## EXERCISE INSTRUCTIONS
Each line that holds the word "Avenue" counts once; give the total for the records below and nothing else.

THE INPUT section start

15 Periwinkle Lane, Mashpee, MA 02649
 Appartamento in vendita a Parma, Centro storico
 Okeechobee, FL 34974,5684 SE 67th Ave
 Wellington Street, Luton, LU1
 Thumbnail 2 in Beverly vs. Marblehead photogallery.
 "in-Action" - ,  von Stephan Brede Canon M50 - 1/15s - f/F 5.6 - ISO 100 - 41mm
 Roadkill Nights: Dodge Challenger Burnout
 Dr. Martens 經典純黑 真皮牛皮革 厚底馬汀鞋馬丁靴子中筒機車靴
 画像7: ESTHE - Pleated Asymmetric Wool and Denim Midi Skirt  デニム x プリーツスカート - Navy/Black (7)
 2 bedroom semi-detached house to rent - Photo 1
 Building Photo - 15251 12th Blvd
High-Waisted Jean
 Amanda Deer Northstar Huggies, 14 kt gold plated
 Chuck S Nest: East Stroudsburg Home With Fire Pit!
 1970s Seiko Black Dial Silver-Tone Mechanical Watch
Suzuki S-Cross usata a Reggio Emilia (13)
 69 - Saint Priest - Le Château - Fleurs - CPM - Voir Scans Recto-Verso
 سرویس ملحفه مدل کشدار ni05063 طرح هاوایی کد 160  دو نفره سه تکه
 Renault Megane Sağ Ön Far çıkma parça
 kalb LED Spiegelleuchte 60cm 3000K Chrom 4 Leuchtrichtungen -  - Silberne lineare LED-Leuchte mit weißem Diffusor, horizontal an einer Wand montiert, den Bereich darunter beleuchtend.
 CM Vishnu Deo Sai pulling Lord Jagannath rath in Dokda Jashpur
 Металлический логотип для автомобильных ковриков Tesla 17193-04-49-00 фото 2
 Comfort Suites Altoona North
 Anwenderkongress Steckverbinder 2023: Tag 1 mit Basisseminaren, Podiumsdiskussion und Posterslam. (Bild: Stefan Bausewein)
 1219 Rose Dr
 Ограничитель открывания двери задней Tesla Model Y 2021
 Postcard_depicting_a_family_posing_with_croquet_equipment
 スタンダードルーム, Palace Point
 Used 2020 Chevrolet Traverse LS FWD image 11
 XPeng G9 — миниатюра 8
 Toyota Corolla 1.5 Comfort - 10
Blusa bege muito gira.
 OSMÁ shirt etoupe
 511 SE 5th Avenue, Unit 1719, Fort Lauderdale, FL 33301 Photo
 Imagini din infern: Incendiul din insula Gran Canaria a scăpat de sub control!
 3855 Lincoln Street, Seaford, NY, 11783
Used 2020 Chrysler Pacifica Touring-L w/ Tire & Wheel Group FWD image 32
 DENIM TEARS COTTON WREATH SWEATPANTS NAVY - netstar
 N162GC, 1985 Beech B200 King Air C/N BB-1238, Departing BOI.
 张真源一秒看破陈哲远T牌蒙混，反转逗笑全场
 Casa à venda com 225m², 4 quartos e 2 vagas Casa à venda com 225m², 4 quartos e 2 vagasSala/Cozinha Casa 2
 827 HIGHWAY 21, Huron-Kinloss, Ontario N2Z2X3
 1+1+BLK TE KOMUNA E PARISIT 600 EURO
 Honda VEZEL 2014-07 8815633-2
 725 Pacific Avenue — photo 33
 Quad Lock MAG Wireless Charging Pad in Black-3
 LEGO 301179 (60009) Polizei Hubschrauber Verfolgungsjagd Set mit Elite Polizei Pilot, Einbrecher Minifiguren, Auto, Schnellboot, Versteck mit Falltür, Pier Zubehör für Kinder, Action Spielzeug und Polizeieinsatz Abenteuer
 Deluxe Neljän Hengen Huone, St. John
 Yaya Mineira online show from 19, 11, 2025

THE INPUT section end

## EXERCISE OUTPUT
2